One of the minor dishonesties of the feminist movement has been to underestimate the passion of this time, to try for a rational, politically expedient assessment. Historically, feminists have emphasized the difficulty, the drudgery of new motherhood. They have tried to analogize childcare to the work of men; and so for a long time, women have called motherhood a “vocation.” The act of caring for a baby is demanding, and arduous, of course, but it is wilder and more narcotic than any kind of work I have ever done.

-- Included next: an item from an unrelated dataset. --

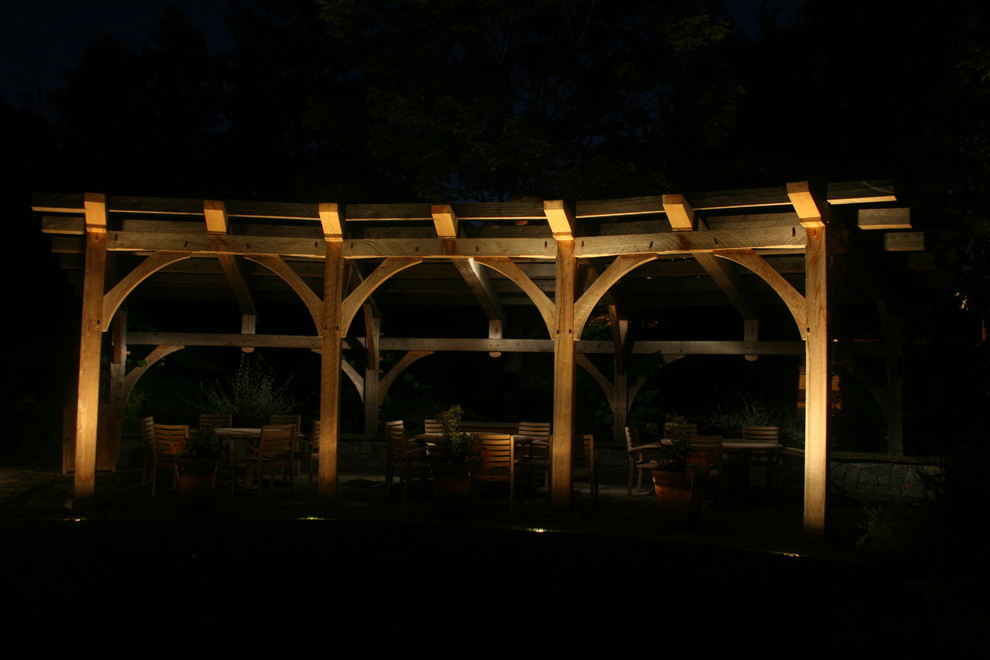Design ideas for a traditional patio in Portland with natural stone pavers and a pergola.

God damn, those “feminists” are monsters. And, like many monsters, they don’t exist at all. But this sort of essay does make one wonder: What the fuck is wrong with Kate Roiphe? I decided to write a poll for the Pandagonians to vote in:
I feel stupid even refuting this nonsense, because it seems like Roiphe honestly believes that it’s feminists who are the reason that we don’t have generous maternity leave in America, though of course feminists are at the forefront of all fights to get that specific benefit. Roiphe’s theory would also only make sense if you believed that there’s no such thing as a woman who is a mother and a feminist. I’ve no doubt that Roiphe’s got a bunch of “feminists are too stuck on abortion rights” pieces floating around, but I have to point out that pro-choice feminists have argued since basically forever that adoption isn’t a simple substitute for abortion rights, because giving up a baby is too hard for many women. But who am I to bring up irritating things like facts? Just shows that feminists all think we’re actually men, with our tedious insistence on facts and evidence.

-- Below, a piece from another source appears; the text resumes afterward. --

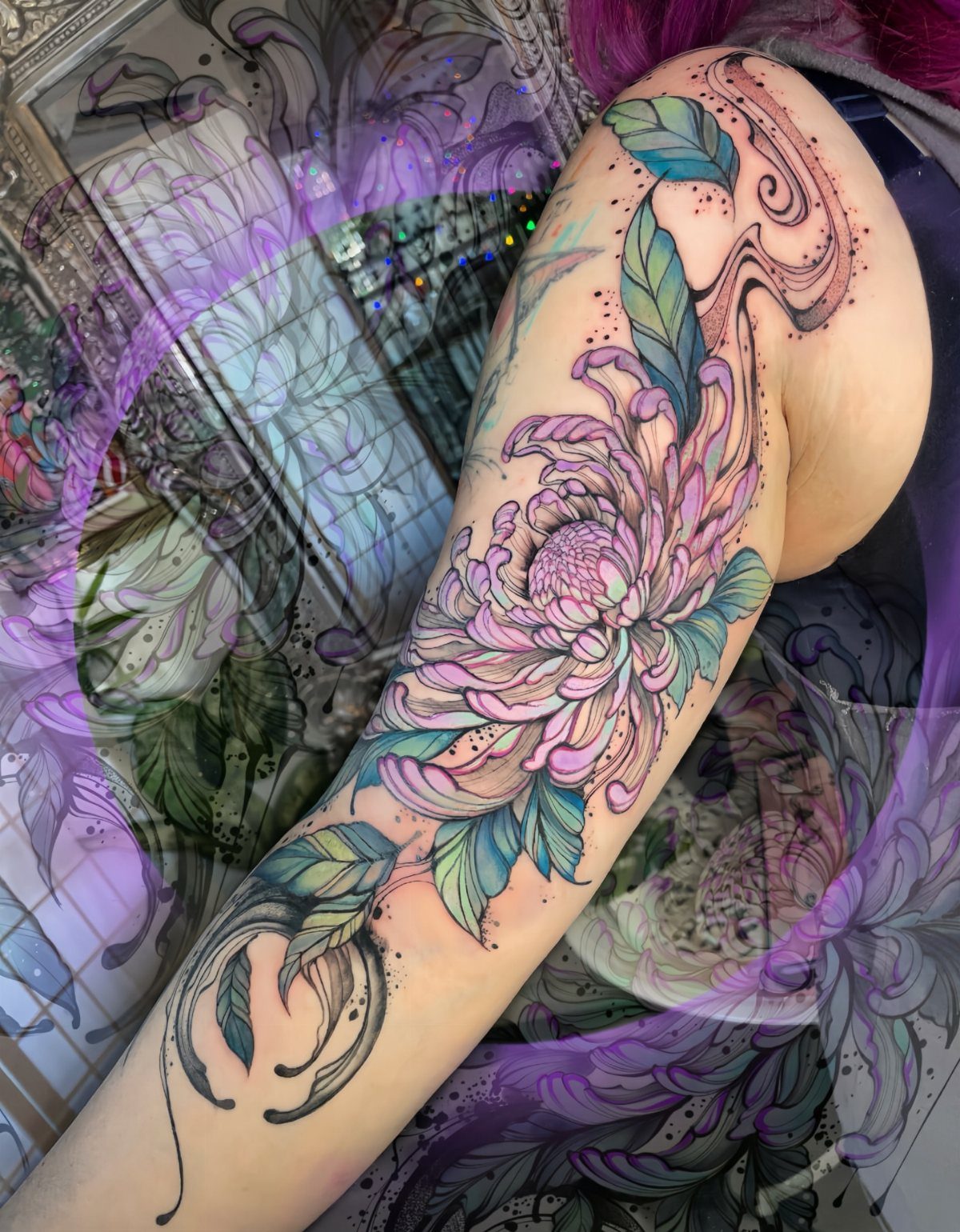 13 Large Flower Tattoo Ideas for Your Next Big Bloom 11 A large pink and teal chrysanthemum tattoo covering a person's forearm and upper arm.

But wait! There’s more! Roiphe isn’t just going to be competitive with those feminist baby-haters out there, she’s going to prove that she’s better than false idols of American literature, such as Edith Wharton.
I remember visiting one of my closest friends on her maternity leave last summer. We sat on a wooden bench in her garden and drank iced coffees, and gazed at her second baby. She is a writer, and we talked about how the women writers we most admired had no children, or have had one child, at the absolute most, but never two. (Edith Wharton, Virginia Woolf and Jane Austen had no children; Mary McCarthy, Rebecca West, Joan Didion, and Janet Malcolm all had one.) My friend looked down at her newborn and her tiny eyelashes. She could entertain this conversation in an academic way, but as she adjusted the baby’s hat I could see how far removed it was from anything that mattered to her. Here, sitting in the garden, looking at the eyelashes, would you trade the baby for the possibility of writing The House of Mirth? You would not.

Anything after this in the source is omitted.